___ Study material ___
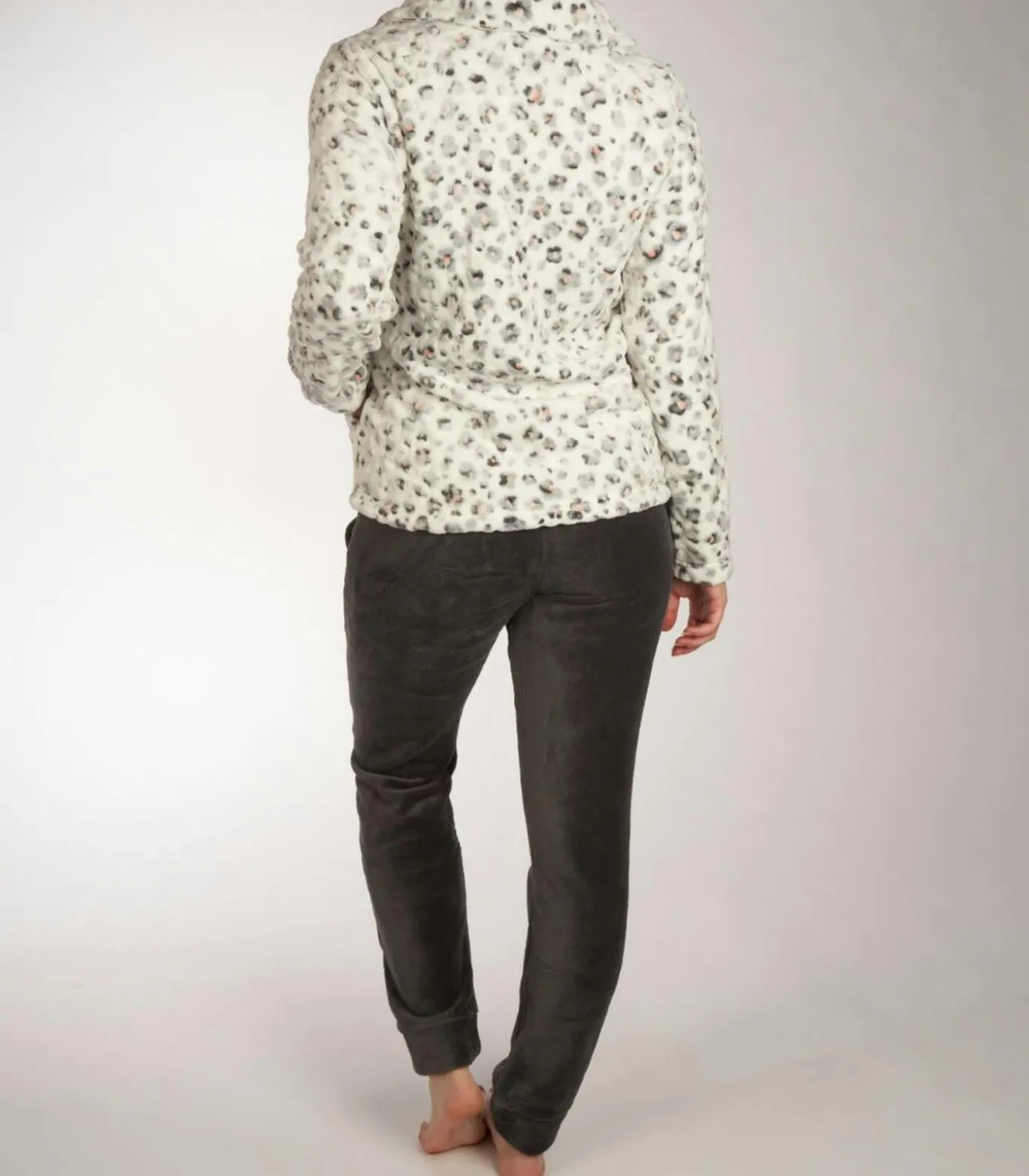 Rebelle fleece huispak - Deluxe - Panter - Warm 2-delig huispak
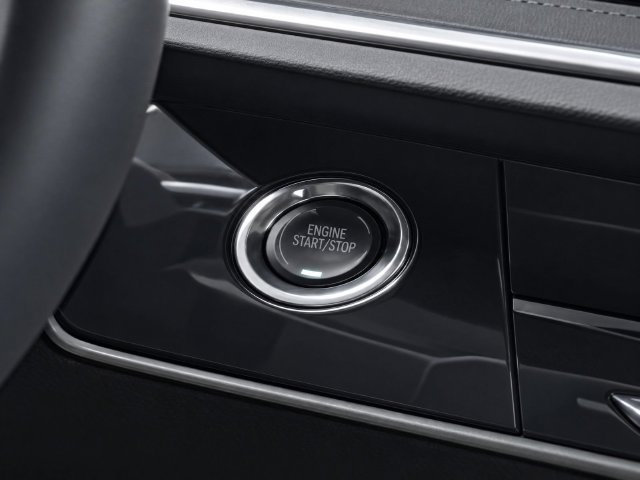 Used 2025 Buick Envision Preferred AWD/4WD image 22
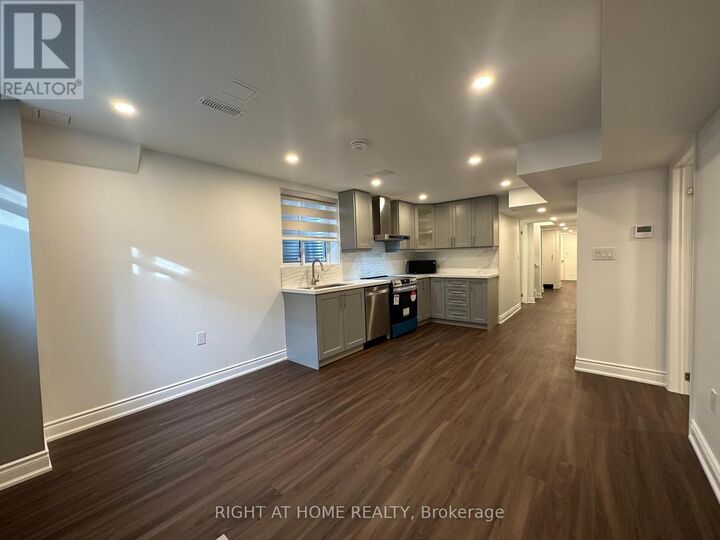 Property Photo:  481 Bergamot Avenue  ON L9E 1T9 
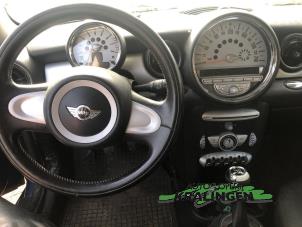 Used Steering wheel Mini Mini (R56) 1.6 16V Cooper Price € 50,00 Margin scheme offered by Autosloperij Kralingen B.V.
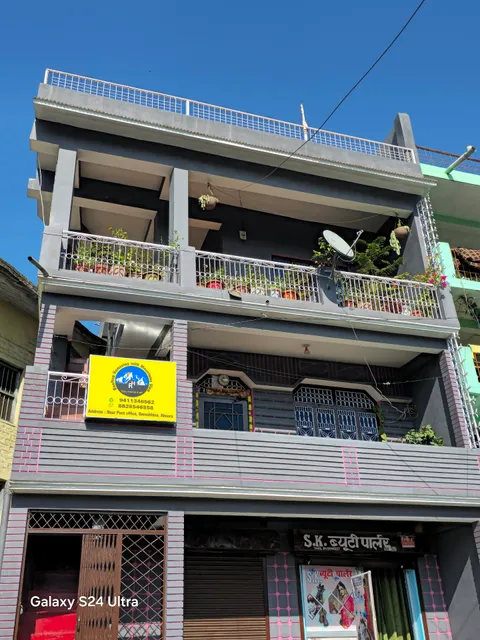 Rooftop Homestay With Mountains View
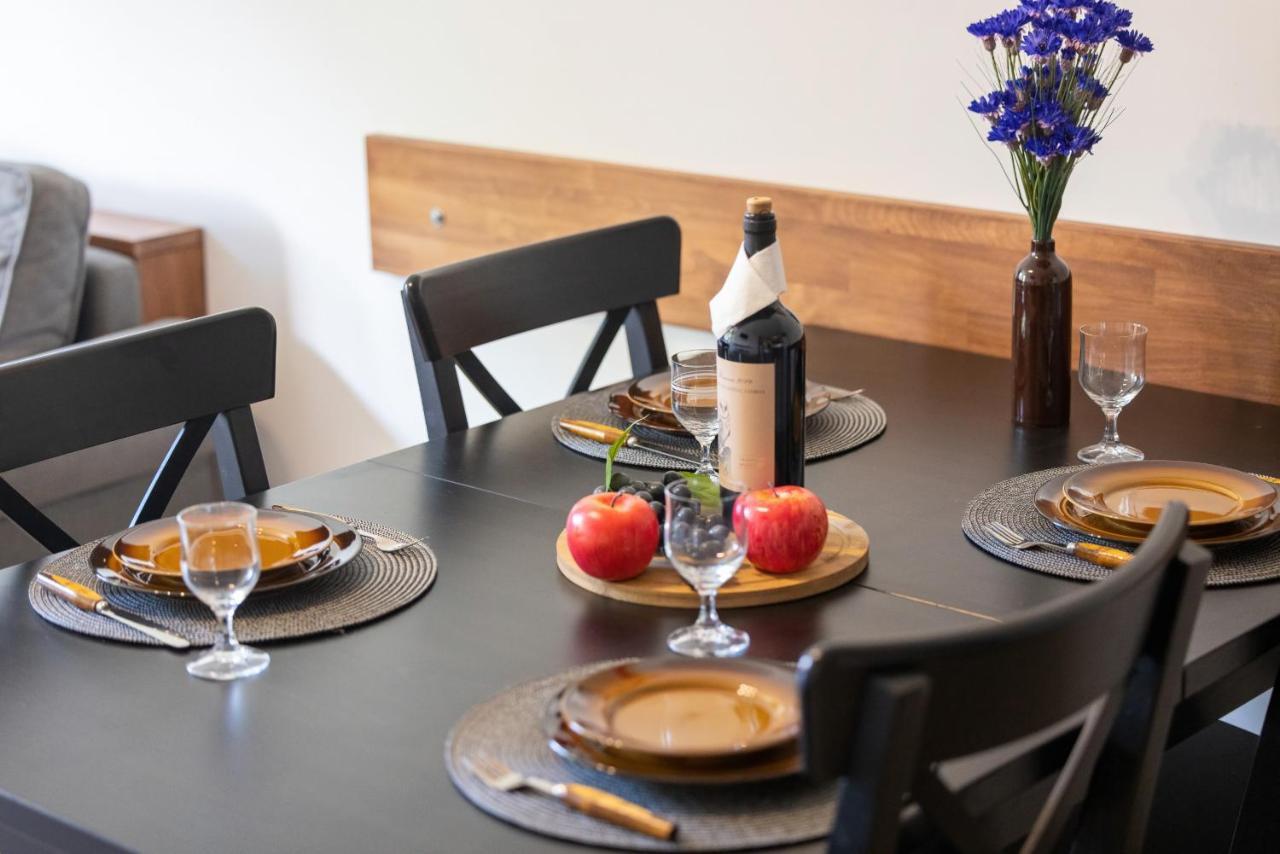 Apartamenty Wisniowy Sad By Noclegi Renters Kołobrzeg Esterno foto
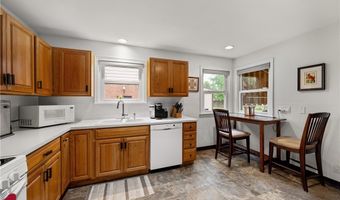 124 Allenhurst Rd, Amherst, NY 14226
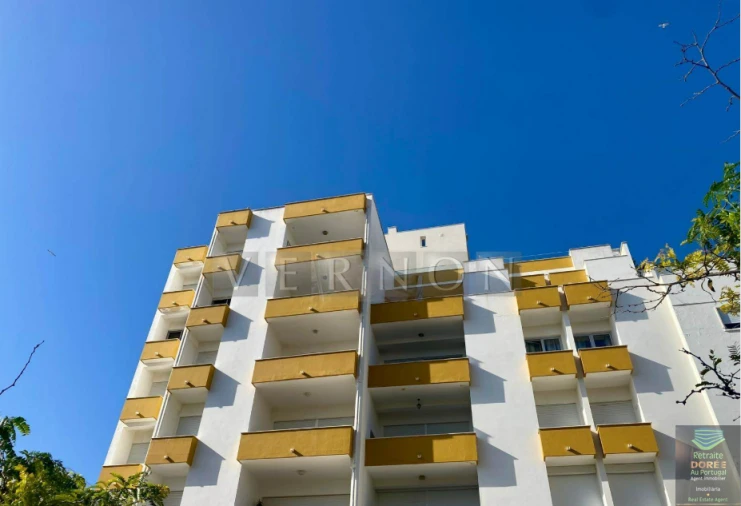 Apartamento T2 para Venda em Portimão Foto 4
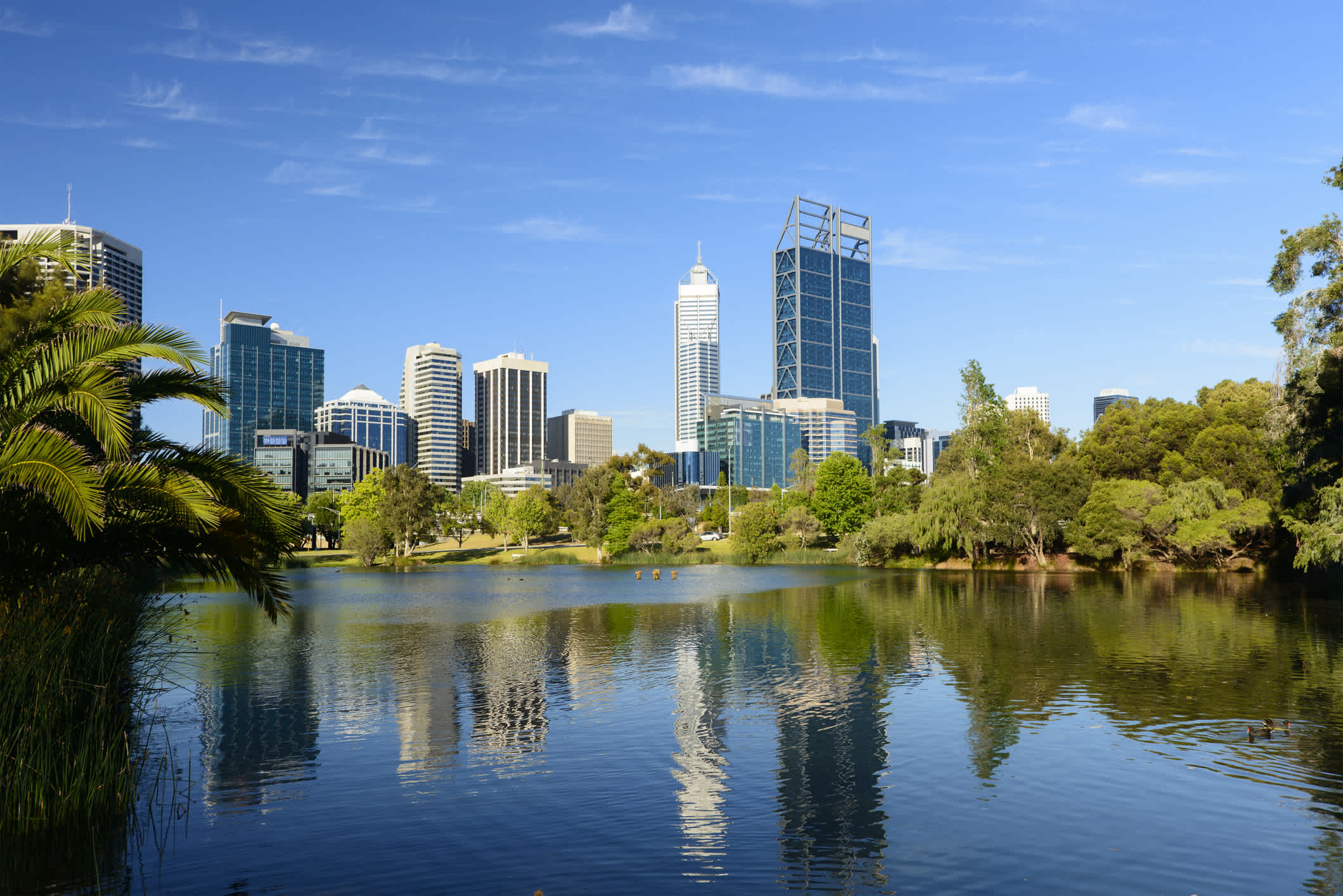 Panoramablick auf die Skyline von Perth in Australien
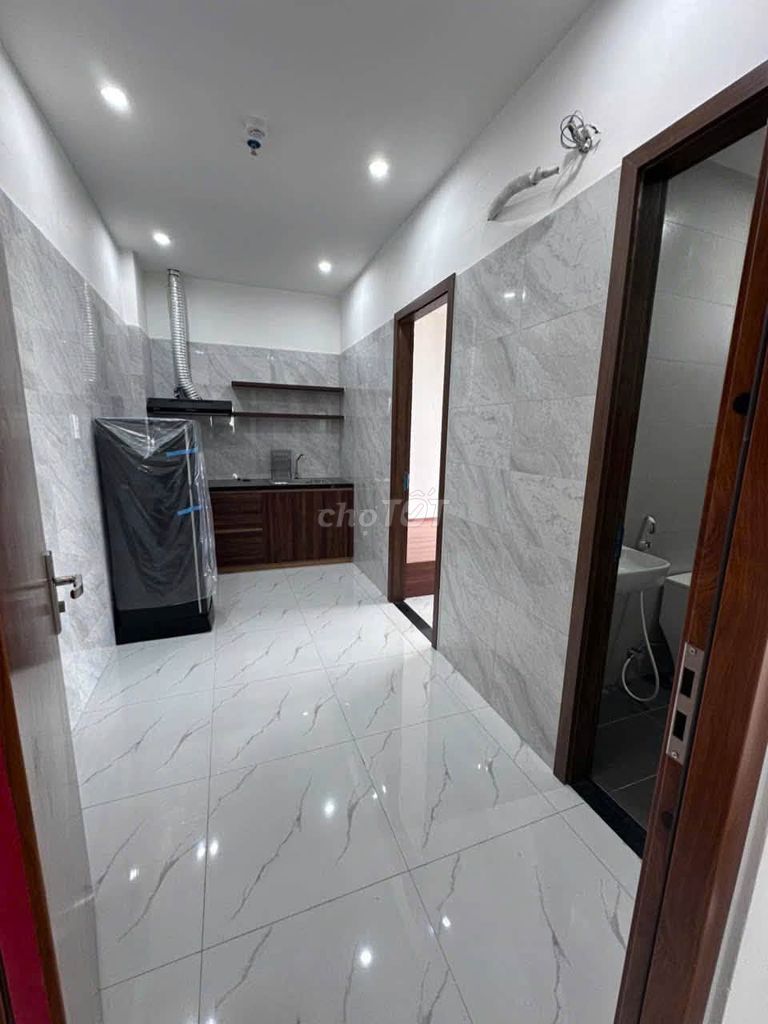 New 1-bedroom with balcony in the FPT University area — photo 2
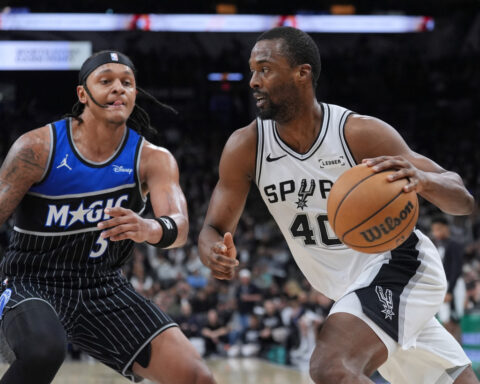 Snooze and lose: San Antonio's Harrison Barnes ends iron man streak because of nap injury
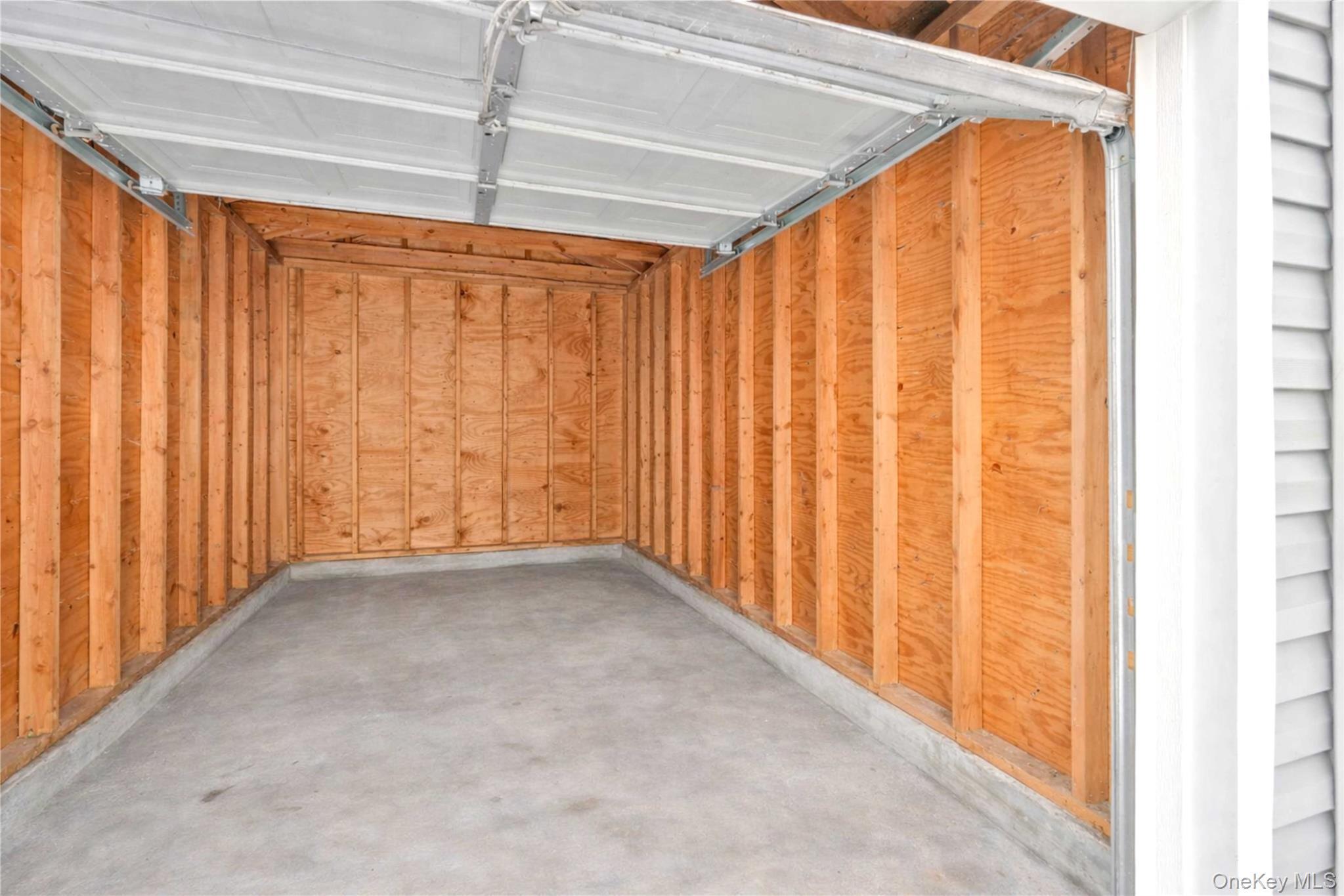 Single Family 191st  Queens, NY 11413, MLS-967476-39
___
__Description of the task__:
Would you return the data exactly as written, without the pictures?

__Answer space__:
 Rebelle fleece huispak - Deluxe - Panter - Warm 2-delig huispak
 Used 2025 Buick Envision Preferred AWD/4WD image 22
 Property Photo:  481 Bergamot Avenue  ON L9E 1T9 
 Used Steering wheel Mini Mini (R56) 1.6 16V Cooper Price € 50,00 Margin scheme offered by Autosloperij Kralingen B.V.
 Rooftop Homestay With Mountains View
 Apartamenty Wisniowy Sad By Noclegi Renters Kołobrzeg Esterno foto
 124 Allenhurst Rd, Amherst, NY 14226
 Apartamento T2 para Venda em Portimão Foto 4
 Panoramablick auf die Skyline von Perth in Australien
 New 1-bedroom with balcony in the FPT University area — photo 2
 Snooze and lose: San Antonio's Harrison Barnes ends iron man streak because of nap injury
 Single Family 191st  Queens, NY 11413, MLS-967476-39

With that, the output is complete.